Dávid Bartimej Tencer, OFMCap (born 18 May 1963) is a Slovakian prelate of the Roman Catholic Church and the current bishop of the Diocese of Reykjavík.

Early life and priesthood
Tencer was born on 18 May 1963 in Nová Baňa, Czechoslovakia (modern-day Slovakia). On 15 June 1986, Dávid Tencer received the sacrament of priestly ordination for the Roman Catholic Diocese of Banská Bystrica. In 1990, Tencer entered into the Order of the Capuchins, and on 28 August 1994 he made his perpetual profession. He then served as a parish administrator in Holíč. In 1996, he was transferred to Rat icov vrch at Hriňova. Between 2001 and 2004 he taught homiletics and spiritual theology in the seminary in Badin. As the superior of the fraternity in Žilina from 2003 until 2004 he was teaching spiritual theology in the Institute of Saint Thomas of Aquin in Žilina.

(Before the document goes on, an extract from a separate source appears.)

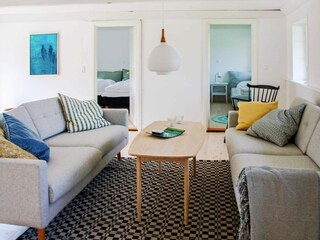 Casa de vacaciones Læsø  16
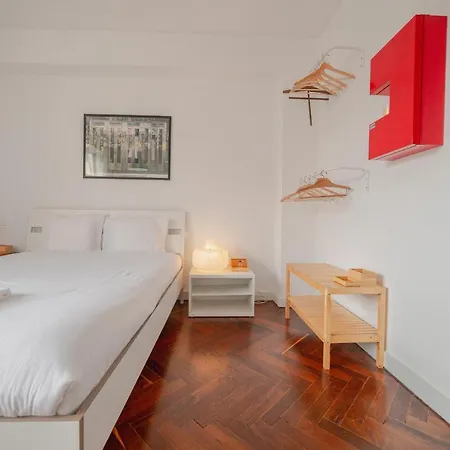 Heart Of In Bolhao By Homing Apartment Porto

He came to Iceland in 2004 and was appointed parish priest at the Stella Maris Parish in Reykjavik. In 2007, he was made parish priest of the St. Thorlak Church in Reyðarfjörður, He also served on the Presbyteral Council and on the Diocese's Collegium Consultorum.

Episcopate
On 18 September 2015, Pope Francis appointed him bishop of Reykjavík. On October 31, 2015, his predecessor, Pierre Bürcher, ordained him bishop in Reykjavík. His co-consecrators were the apostolic nuncio in Iceland, archbishop Henryk Józef Nowacki, and the bishop of Žilina, Tomáš Galis.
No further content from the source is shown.